南米・チリで開催中のU-17W杯。日本が出場していないことはただただ悲しいが、サッカー界の未来を担う若武者たちが見せる“洗練されていないがしかしハツラツしたプレー”は改めてサッカーの楽しさを教えてくれるものがある。

そんな若い彼らは流行にとっても敏感。U-17フランス代表の守護神でジネディーヌ・ジダンの次男ルカ・ジダンが目標に隣国ドイツのマヌエル・ノイアーを掲げるように、今時のGKにとって憧れの的はやはりノイアーのようだ。

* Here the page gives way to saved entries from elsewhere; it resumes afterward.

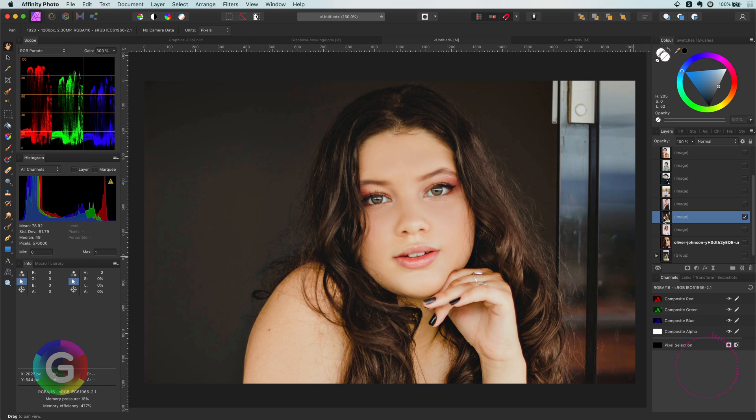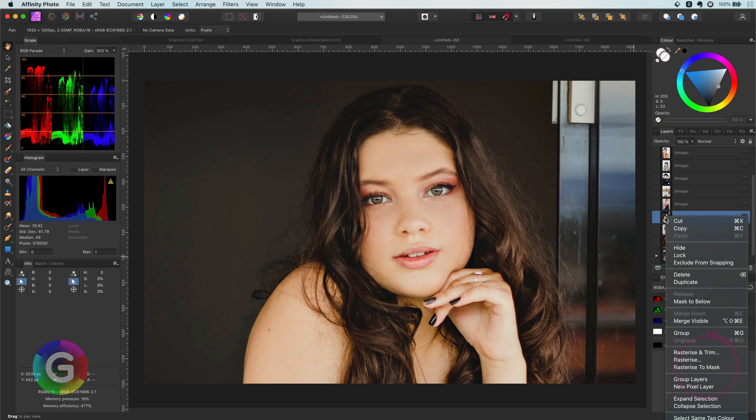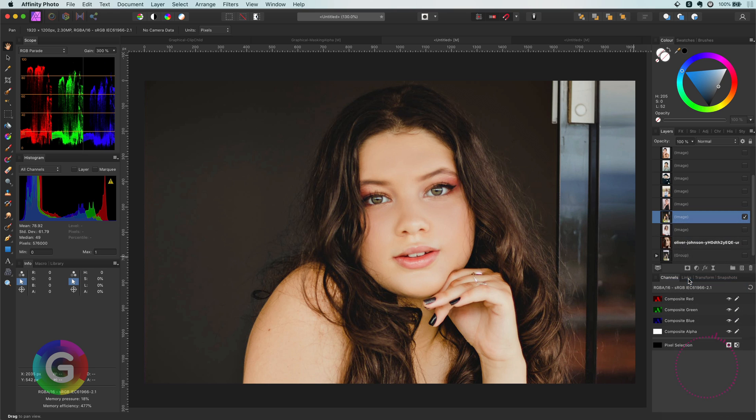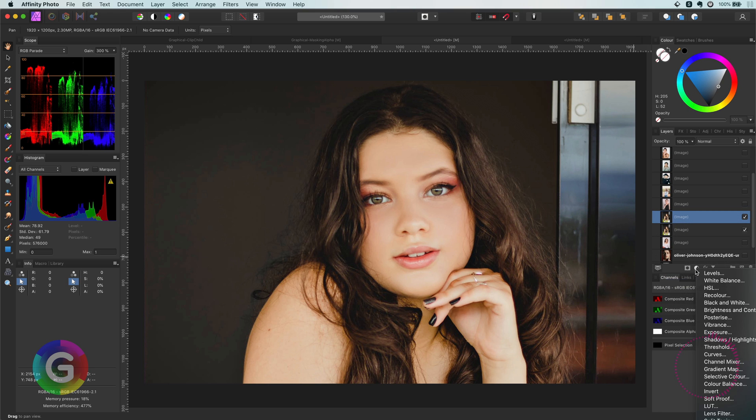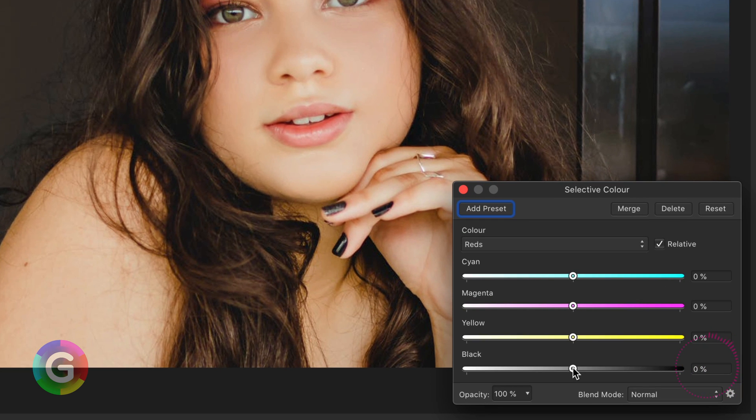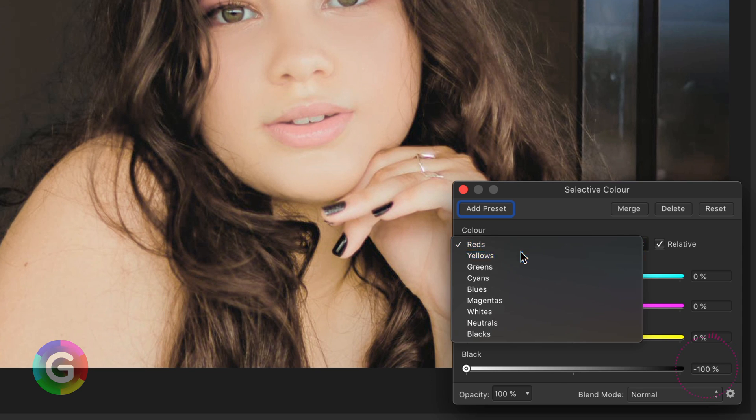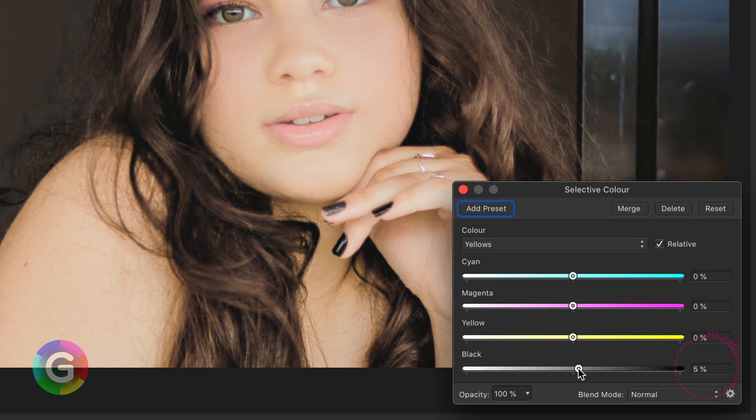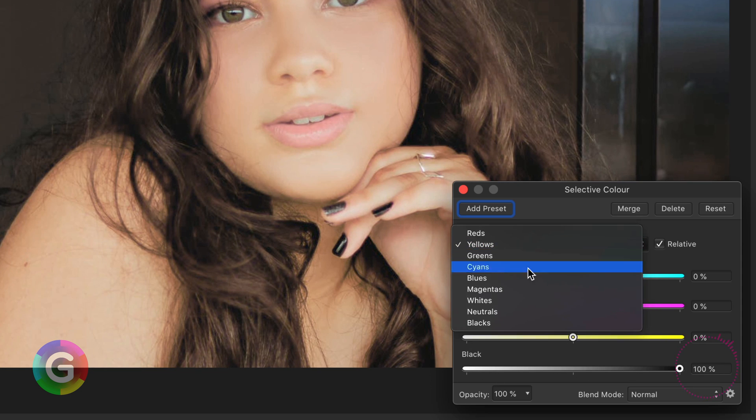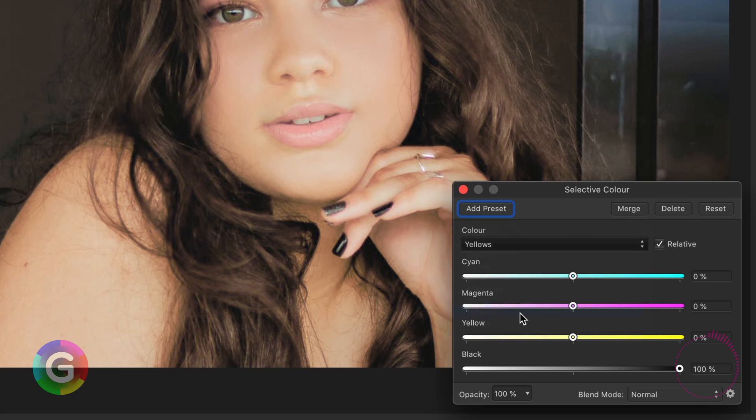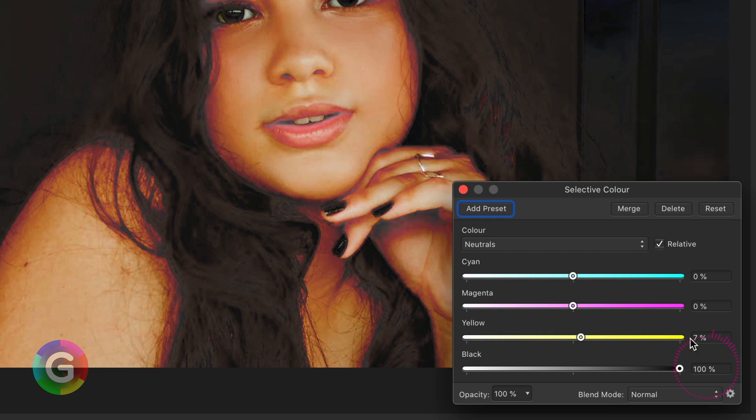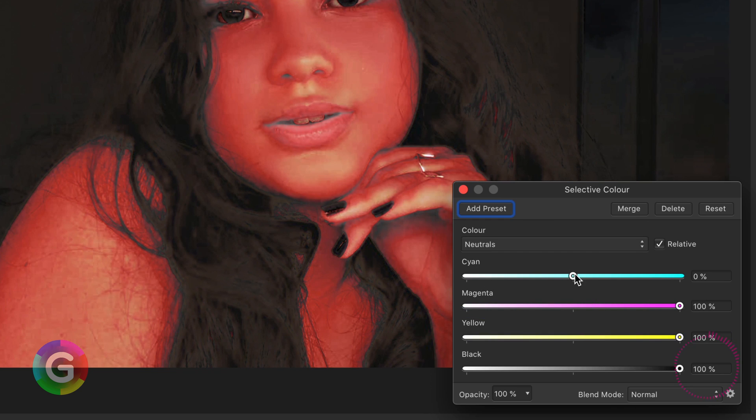First I will start by duplicating the image. Next I'm going to add a selective color adjustment. In the selective color adjustment we are going to reduce the reds, increase the yellows and with the neutrals slide all the sliders to the max values.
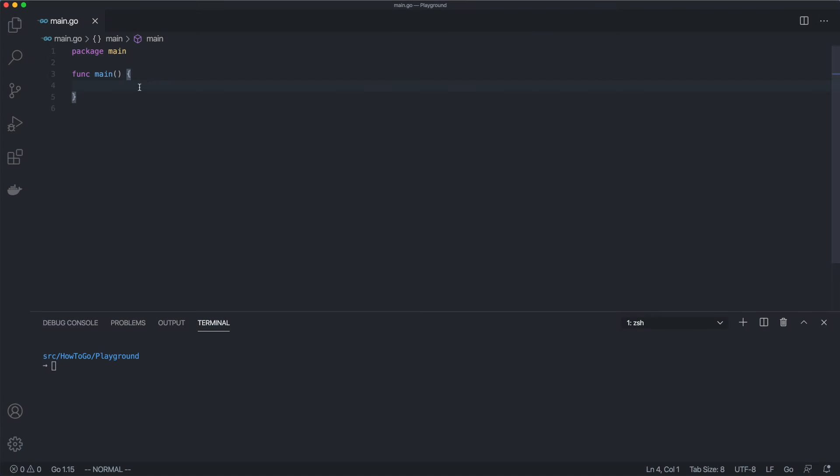In this video we are going to cover pointers in Go. But before we dive in, let's start by reviewing what a variable is. A variable is storage for a value. We assign a value to a variable and then pass it around or change it later.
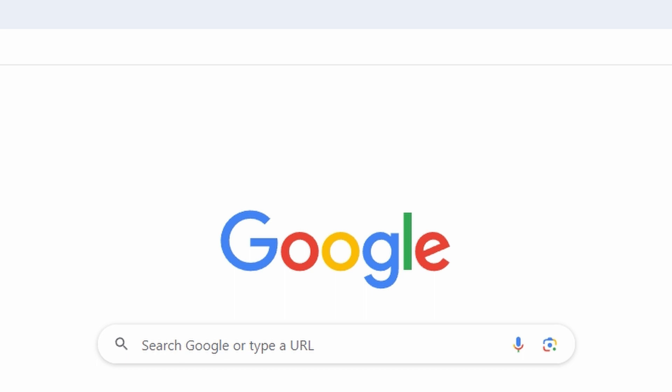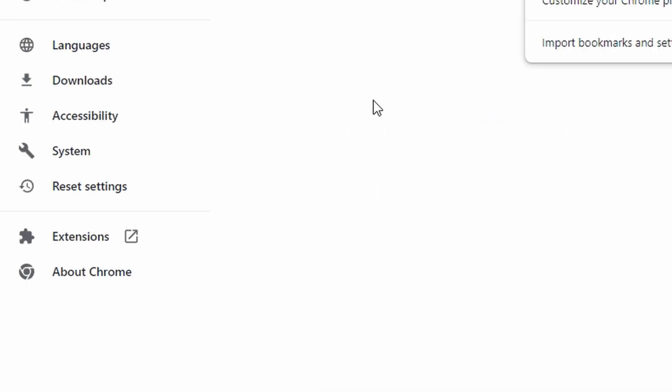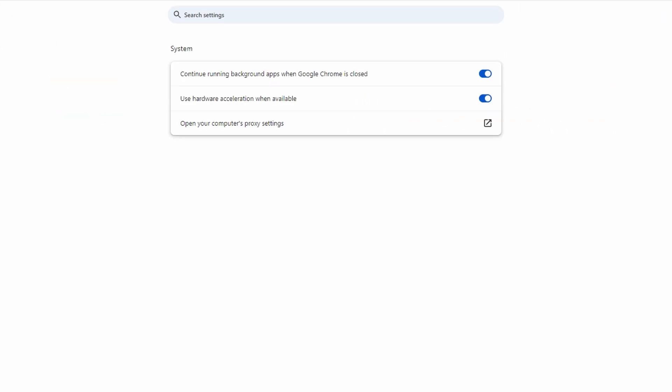So, open Google Chrome, go to Settings, under System, toggle off use hardware acceleration when available.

素直で吸収力も旺盛な10代。ルカは早速22日のパラグアイ戦で父親&ノイアーばりのトリッキーなプレーを披露したが、同日行われた南アフリカ対北朝鮮の試合でも、ノイアーに触発された選手が驚愕のプレーを見せたぞ!

なんと南アフリカのGKがハーフウェイライン付近まで飛び出し相手のボールをカット!そこからさらに5メートル、10メートルとドリブルで前進し、最後はロナウジーニョばりのノールックパスを味方に送りチャンスメークしたのである。

1-1の同点で時間は後半アディショナルタイム。初戦で敗れていた南アフリカにとって、是が非でも勝利が欲しい状況であったとはいえ、勇猛果敢にして実にリスキーなプレーである。時代はここまできたのか…

ノイアーばりの飛び出し&ドリブルを見せたのは南アフリカの守護神モンドゥリ・ムポト。

『supersport.com』によると好きな選手はやっぱりノイアーだったが、一方でメッシを「世界一の選手」と敬愛しているのだとか。これはもしや「ノイアー+メッシ」を融合したGK誕生の瞬間…(んなわきゃ略)

しかしせっかくムポトがここまで危険を冒してチャンスを作り出したにもかかわらず、味方はこの決定機を外し試合は1-1の引き分けで終了。2試合を終えて勝ち点1の両者は最終節にグループ突破をかけることとなった。